It’s confusing. Right now I don’t really want to write anything about Dylan, because, frankly, it hurts too much, but at the same time, I don’t want to not write anything about Dylan, because he’s worth writing and thinking about. And it’s all I can think about right now, anyway. And maybe it’s better to write a little of this out. A little, but I feel like I could write a book.
One of the things about Dylan, it seems to me, is that he loved life, culture, art and people more than anybody else I’ve ever known. That’s one of the things that bums me out the most, that somebody who seemed to appreciate so much being in the world, ended up pulling a pretty short straw.
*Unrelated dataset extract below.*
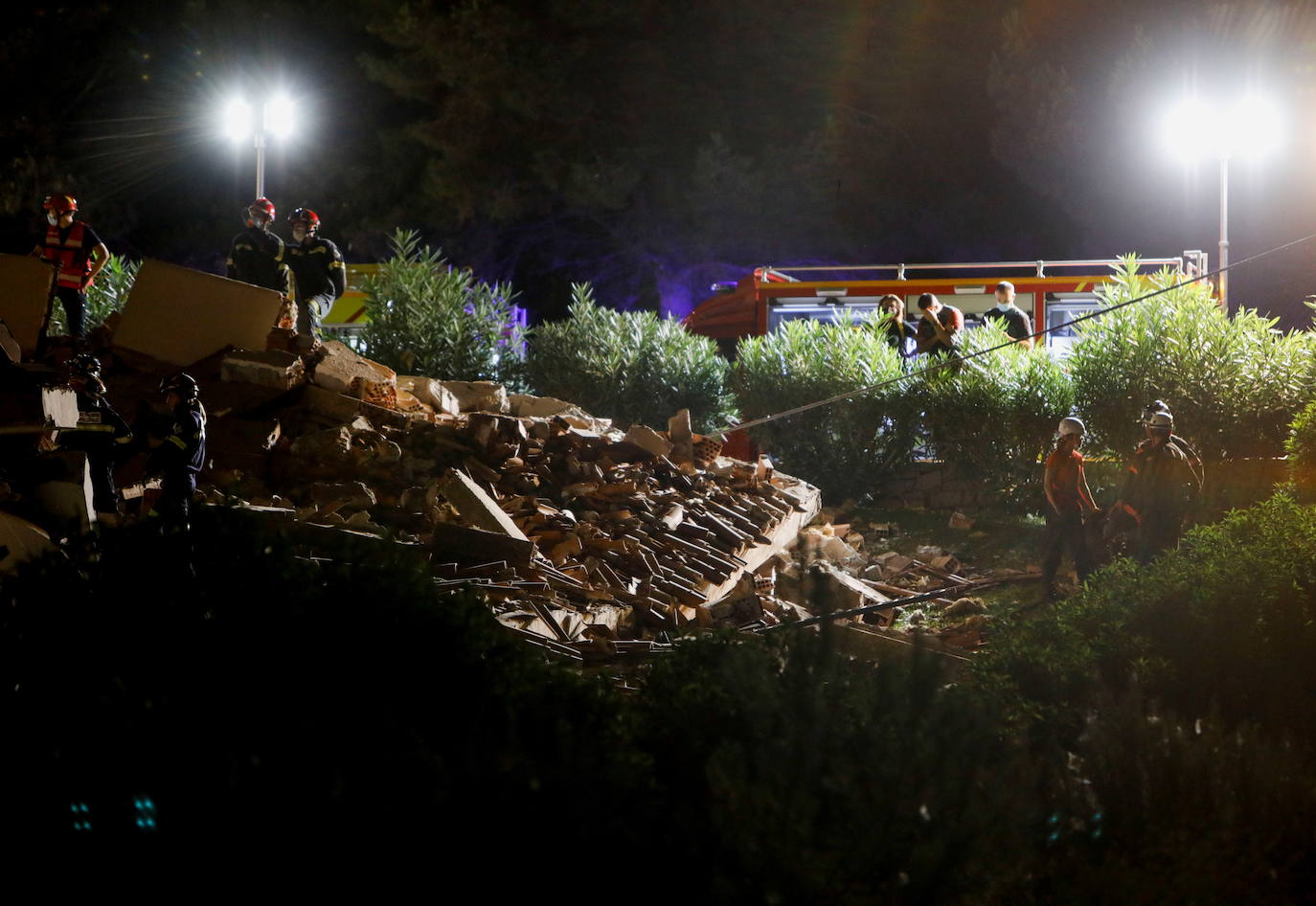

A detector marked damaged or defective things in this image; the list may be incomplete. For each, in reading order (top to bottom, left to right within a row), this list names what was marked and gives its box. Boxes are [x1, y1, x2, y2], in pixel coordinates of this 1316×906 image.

broken wall panel [115, 258, 285, 362]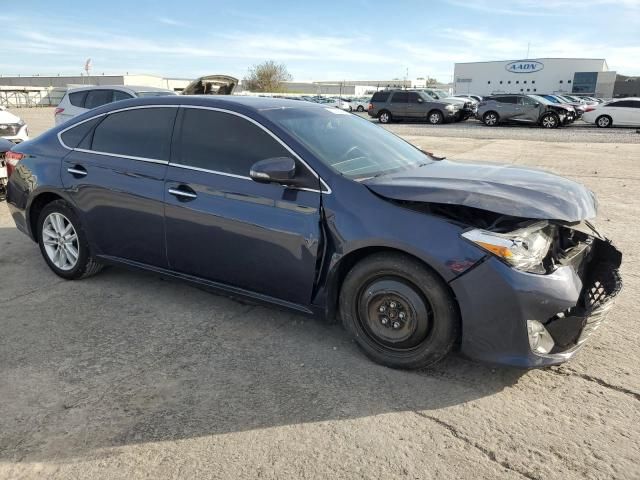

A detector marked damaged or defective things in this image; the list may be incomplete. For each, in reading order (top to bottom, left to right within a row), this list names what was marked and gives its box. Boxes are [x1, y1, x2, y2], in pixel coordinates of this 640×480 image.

Maybe it’s a little funny, but I can’t even remember exactly when or how I met Dylan. Probably in 1993? Maybe he wrote me a letter, or maybe I met him in Comic Relief? My first distinct memory is meeting him in Berkeley and going to a Puppy Toss meeting. I’d had a comic book or two published by then, but comics for me was also a very isolated, weird thing I was trying to do. This was pretty much my first exposure to a whole group of creative people trying to work together and encourage each other to accomplish art - collectively - and it kind of blew my mind. I didn’t really understand the community aspect, but even way back then, I think that was something important to Dylan - not just his own work, but the other people around him. Not just in Berkeley and San Francisco, but the weird people all around the world doing this stuff that Puppy Toss tried to help distribute through their own massive catalog and mail order operations. This wasn’t about making money, but about supporting what you loved and believed in, and thereby changing the world in little, but important ways. And it seems to me that Dylan loved comics, and the comics community, more that anybody I’ve ever met.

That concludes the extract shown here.